Échos Judiciaires Girondins : C’est ce que viennent chercher les touristes à Saint-Émilion : du vin et du patrimoine ?
Bernard Lauret : « Nous avons la particularité, par rapport aux autres grandes appellations comme Margaux, Pauillac, Sauternes, Saint-Estèphe ou Pomerol, qui ne sont que des villes-appellations, d’avoir du patrimoine et du patrimoine bâti. Saint-Émilion est une cité médiévale qui a beaucoup souffert au fil des guerres de religion et de la Révolution, mais nous avons encore une quinzaine de monuments classés ou inscrits. Et surtout la plus grande église d’Europe creusée dans le rocher : la Monolithe de Saint-Émilion, avec ses catacombes (voir encadré). Il y a du bâti religieux, comme l’ancien Couvent des Cordeliers, qui appartenait à la commune et a été restauré par un investisseur, qui a refait le cloître et la toiture des bâtiments conventuels et de la chapelle. Nous faisons revivre les ruines avec des matériaux contemporains, nous devons entretenir ce patrimoine, le rénover. C’est un puits sans fond ! Mais notre volonté est de transmettre en bon état aux générations futures ce que les anciens nous ont transmis. Et puis il y a également le tourisme viticole. La notoriété du vin de Saint-Émilion n’est plus à faire : il est mondialement connu. J’ai eu la chance de voyager en Chine, au Japon, aux États-Unis… Dans le monde entier, tout le monde connaît Saint-Émilion. »
Échos Judiciaires Girondins : Quels sont vos leviers pour passer d’un tourisme de masse à la journée à un tourisme de séjour ?

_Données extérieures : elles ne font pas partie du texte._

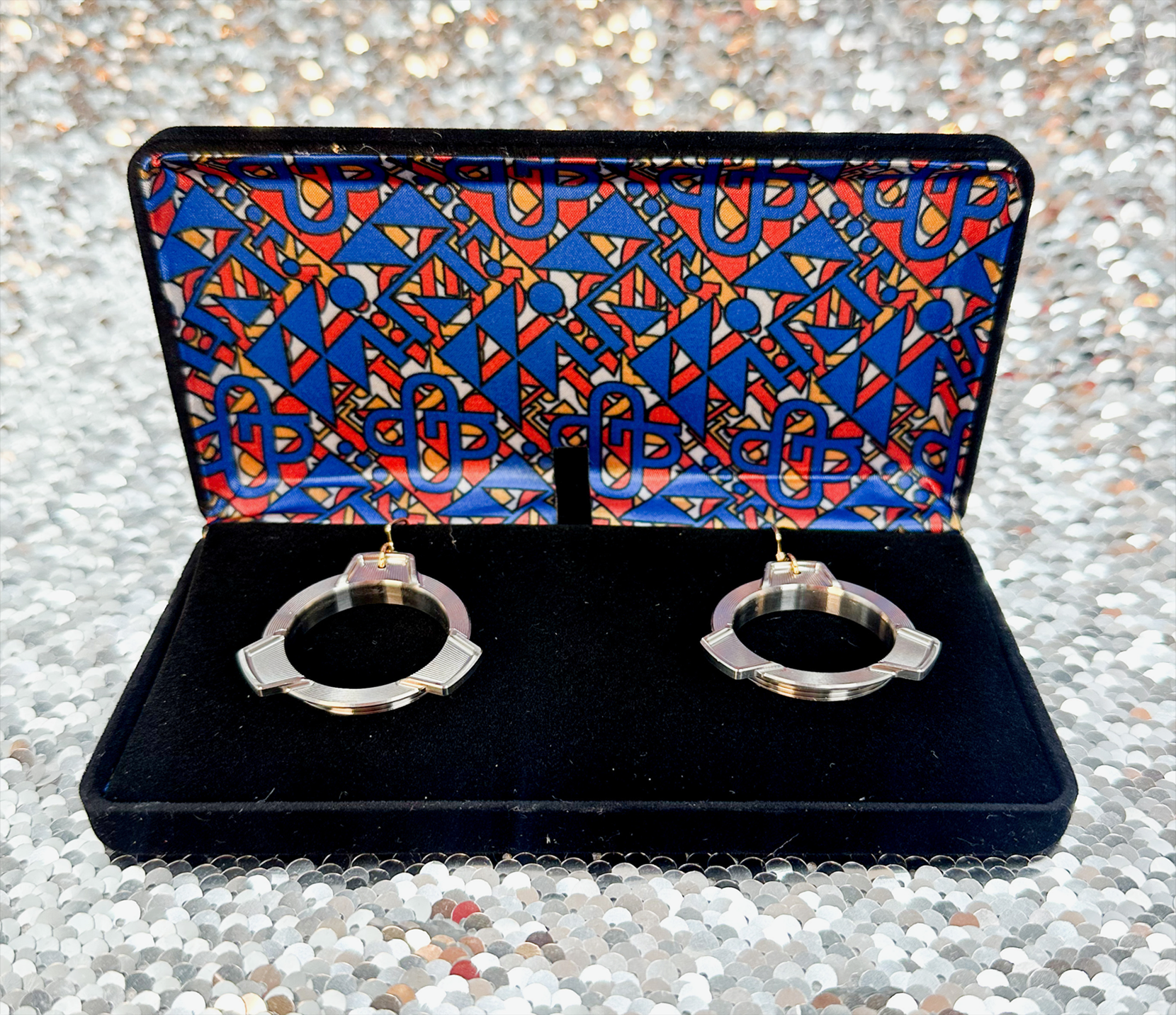 Ogle Component Design Wow What studio Anna Schwinn titanium earring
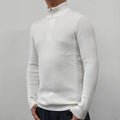 Man wearing a grey half-turtleneck zipper sweater, a cotton blend pullover for casual wear.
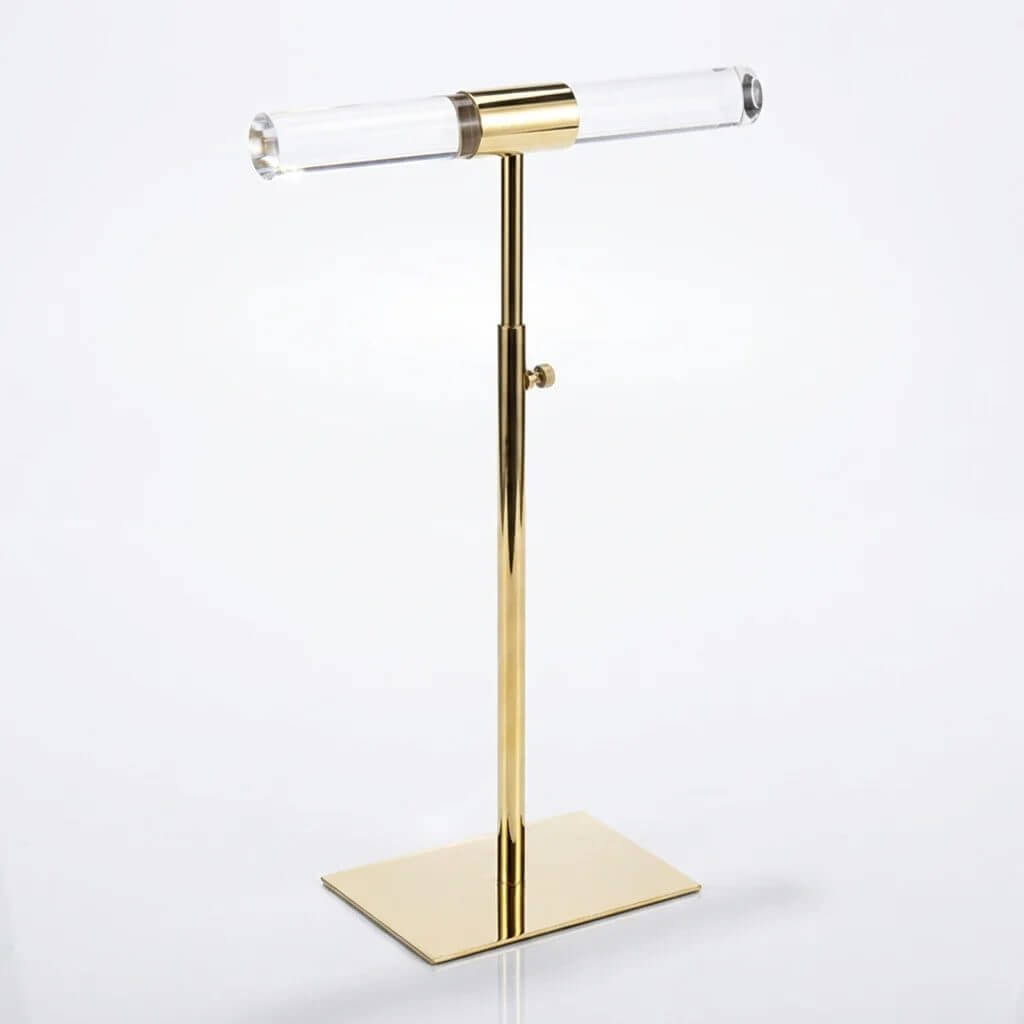 Adjustable gold T-bar jewelry stand with a 1.2" diameter clear acrylic rod for necklace and bracelet display.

Bernard Lauret : « Nous avons un peu plus de 300 lieux d’hébergement sur les 22 communes de la communauté de communes du Grand Saint-Émilionnais. Les propriétés s’ouvrent pour accueillir du public dans le cadre de l’œnotourisme. On essaye de faire comprendre aux gens qu’il n’y a pas que les monuments, qu’il y a aussi un paysage, des points de vue, des coins magnifiques à voir. On veut diffuser l’idée que le séjour de deux ou trois jours peut se faire au milieu des terres saint-émilionnaises. »

© Ville St-Émilion
Échos Judiciaires Girondins : Vous favorisez donc l’ouverture de lieux d’hébergement, de restaurants… ?
Bernard Lauret : « Nous avons la chance, à Saint-Émilion, d’avoir déjà trois restaurants étoilés : La Table de Pavie (deux macarons Michelin), Les Belles Perdrix (un macaron) et Le Logis de la Cadène (un macaron), ainsi que plusieurs restaurants gastronomiques. D’autre part, à la demande des viticulteurs et en accord avec la Chambre d’Agriculture, nous sommes en train de réviser les documents d ’urbanisme à la Communauté de communes afin de donner la possibilité, dans les bâtiments agricoles, de lancer une activité qui mette en valeur son produit dans le cadre de l’œnotourisme. Les exploitations peuvent donc créer des restaurants, des hôtels… Nous en avons déjà plusieurs sur le territoire comme par exemple le château La Dominique avec La Terrasse rouge ou T…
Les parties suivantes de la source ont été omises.